Create an application which uses this provider. Optionally apply access restrictions to the application using policy bindings.
- Name: Oracle Cloud SAML <your tenancy> (or whatever you like as name for this application)
- Slug: oracle-cloud-saml-<your tenancy> (or whatever yoou like)
- Group: You may want to enter a group name like Cloud-Admins (and create it) or use the Administriators group, note it for later.
- Provider: Select the provider you created from the list.
Click Create. Back on the overview page page of the SAML provider, you show now see new information blocks.
The 2nd is titled __Related objects__ below the title, the label __Metadata__, and below it a __Download__ button.
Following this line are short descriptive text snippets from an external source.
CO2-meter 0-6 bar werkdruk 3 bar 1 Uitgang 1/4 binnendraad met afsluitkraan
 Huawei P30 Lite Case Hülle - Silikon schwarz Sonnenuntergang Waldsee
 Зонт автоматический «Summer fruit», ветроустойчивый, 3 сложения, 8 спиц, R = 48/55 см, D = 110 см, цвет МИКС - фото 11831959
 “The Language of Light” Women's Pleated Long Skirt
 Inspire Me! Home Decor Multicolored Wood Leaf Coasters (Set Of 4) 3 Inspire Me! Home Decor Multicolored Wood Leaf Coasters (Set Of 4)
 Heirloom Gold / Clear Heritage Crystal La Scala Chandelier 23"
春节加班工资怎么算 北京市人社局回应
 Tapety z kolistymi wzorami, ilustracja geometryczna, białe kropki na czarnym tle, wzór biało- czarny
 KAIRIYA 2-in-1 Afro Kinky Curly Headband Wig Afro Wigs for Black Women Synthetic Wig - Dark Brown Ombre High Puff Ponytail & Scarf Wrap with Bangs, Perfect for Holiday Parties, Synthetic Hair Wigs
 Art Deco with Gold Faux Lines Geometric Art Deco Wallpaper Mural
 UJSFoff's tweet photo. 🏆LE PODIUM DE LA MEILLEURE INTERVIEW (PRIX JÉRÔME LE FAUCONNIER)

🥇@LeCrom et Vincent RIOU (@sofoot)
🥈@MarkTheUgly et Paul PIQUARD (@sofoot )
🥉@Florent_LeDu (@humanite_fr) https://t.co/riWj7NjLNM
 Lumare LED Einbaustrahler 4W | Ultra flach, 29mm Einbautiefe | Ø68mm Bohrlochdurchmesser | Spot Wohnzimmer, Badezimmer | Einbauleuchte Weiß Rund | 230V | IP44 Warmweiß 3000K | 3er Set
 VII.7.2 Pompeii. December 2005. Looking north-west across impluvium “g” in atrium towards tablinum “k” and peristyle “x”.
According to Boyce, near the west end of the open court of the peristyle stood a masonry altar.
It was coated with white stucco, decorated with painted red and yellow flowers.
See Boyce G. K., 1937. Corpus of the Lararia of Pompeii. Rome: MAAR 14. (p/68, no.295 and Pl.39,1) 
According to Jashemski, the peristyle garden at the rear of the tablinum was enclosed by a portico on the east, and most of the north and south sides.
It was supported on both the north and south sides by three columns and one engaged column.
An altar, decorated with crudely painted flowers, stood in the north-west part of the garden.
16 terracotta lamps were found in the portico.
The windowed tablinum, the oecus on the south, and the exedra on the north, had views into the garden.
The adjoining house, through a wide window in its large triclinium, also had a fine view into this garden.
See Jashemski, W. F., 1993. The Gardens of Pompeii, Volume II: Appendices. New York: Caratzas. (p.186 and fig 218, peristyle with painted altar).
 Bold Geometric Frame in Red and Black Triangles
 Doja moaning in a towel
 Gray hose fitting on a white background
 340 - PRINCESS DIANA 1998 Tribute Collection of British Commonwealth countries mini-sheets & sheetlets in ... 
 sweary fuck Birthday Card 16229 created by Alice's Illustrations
Download the Metadata using this button.
### Federation Method, Step 3 - Oracle Cloud
In Oracle Cloud, open the top-left navigation and go to _Identity & Security_ and then _Federation_.
In the title bar of the list of Identity Providers, you should see the button "Add Identity Provider"
Name: The name you enter here will be shown to the users when they select an Identity Provider from the list at long
Description: Whatever you like.
Type: SAML 2.0 Compliant Identity Provider
Upload the FederationMetadata.xml document from your Active Directory Federation Services server: Upload or drop the Metadata file downloaded from the authentik provider's Overview page.
Authentication Context Class References: Don't select any, as Authentik provides different references that are not listed here. If they do not match, the user gets an XML error showing both.
Click Continue
Here youll map groups defined in your Identity Provider to groups defined in Oracle Cloud Infrastructure (OCI). Each group can be mapped to one or more groups of the other kind.
Identity Provider Group: If you entered a Group for this provider in Authentik, you may have to use the same same Group here.
OCI Group: Select the OCI group to use for this Identity Provider Group in OCI.
Click the button _+ Add Another Mapping__ to add more user group mapping.
To log in, Users start from https://www.oracle.com/cloud/sign-in.html:
Cloud Accound Name: Name of the tenancy
Select your Identity Provider below: Select the name of the created Identity Provider from the list.